We had been lost on winding country roads in the foothills of the Italian Alps for more than an hour, searching for a small hotel where we were to spend the first night of our Spring Break journey to Venice, Italy to take a cruise.
This was our last family trip before we move back to the United States. As always, I anticipated happy family moments absorbing breathtaking scenery, with lots of laughter and frolicking. But for my three kids, the thrill is over, and they are often heard saying, “No!
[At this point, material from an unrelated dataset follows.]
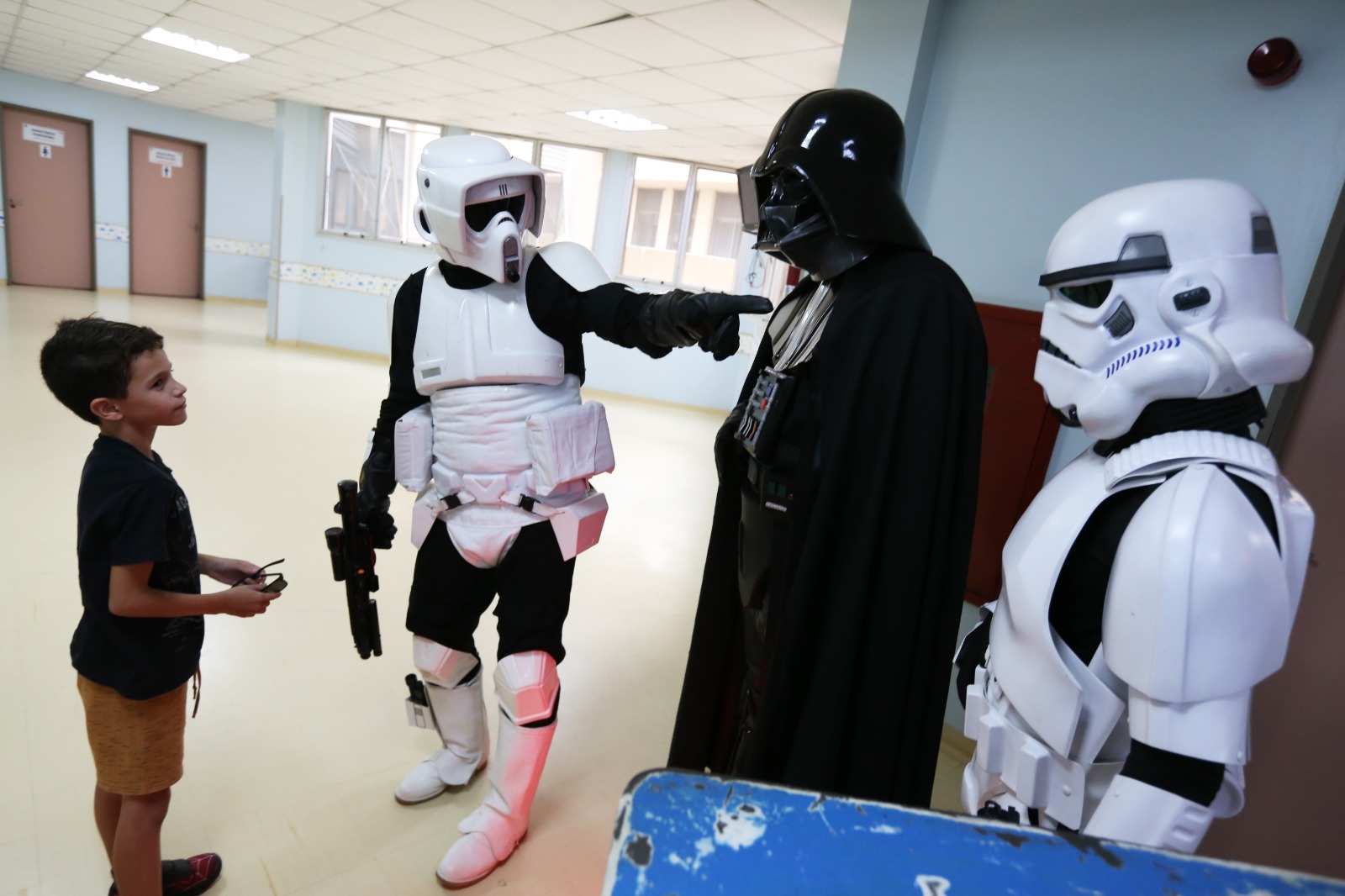  Pietro Henrique Barbosa foi ver de perto a comitiva intergaláctica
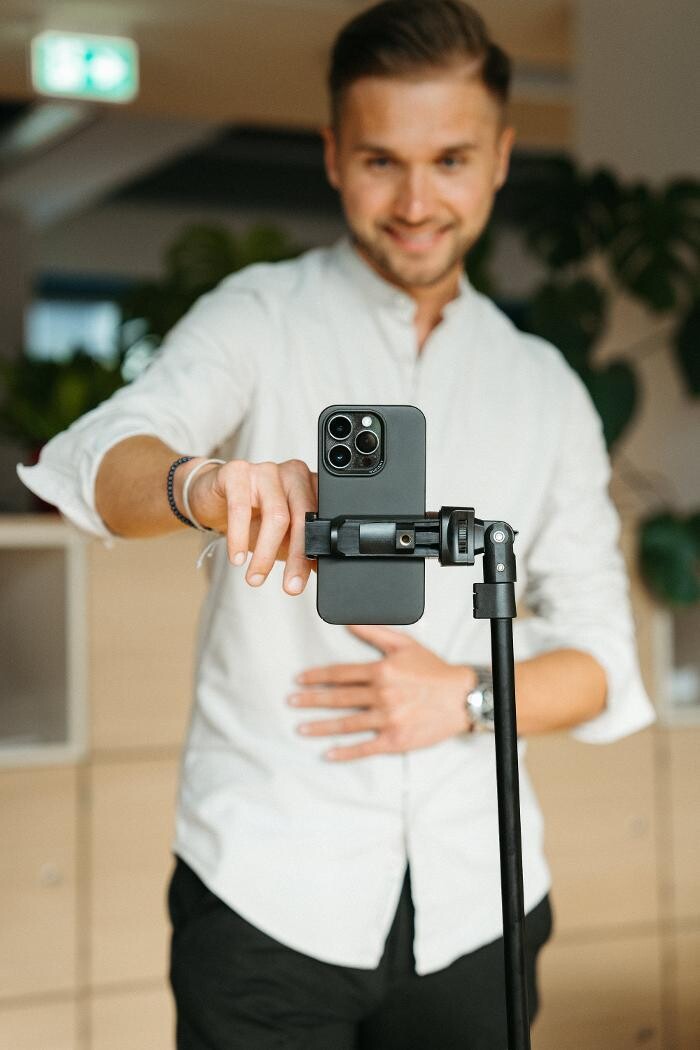 Bilder Crediso Media GmbH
Not another castle/cathedral/snow-capped mountain!? Can’t we just stay home and watch re-runs of King of Queens?!”
As the minivan squealed around another hairpin turn, we spotted a sign to our tiny hotel. “There it is!” I yelped with relief.
The owner showed us to two rooms at the opposite end of a hall in the old Tyrolean guest house. Before settling in for the night, we gathered in one of the rooms to eat the dinner that I’d packed for us.
An hour later, we were snug in our beds. The girls were excited to sleep in their huge bed, which looked like a giant coconut crème pie mounded with feather pillows and crisp white linens.
I drifted off to sleep thinking of the fun we would have on the days to come.
“Mom, Lilly threw up in our bed!” Anna gasped, standing over me in the darkness. “What?” I mumbled, and stumbled down the hall to their room.
Opening their door and stepping over the threshold, I saw what can only be described as complete carnage. The marshmallow white bed had turned into a veritable crime scene, akin to the horsehead scene in The Godfather. The half-digested concoction of turkey sub and sour cream and onion Sun Chips was tinged brown with the chocolate of too many M&Ms, and was pooled in the center of the king-sized bed.
Trying to mitigate the damages, Lilly dabbed the mess with a bath towel, managing to slop it on herself, the carpet, the bathroom floor, and two light switches.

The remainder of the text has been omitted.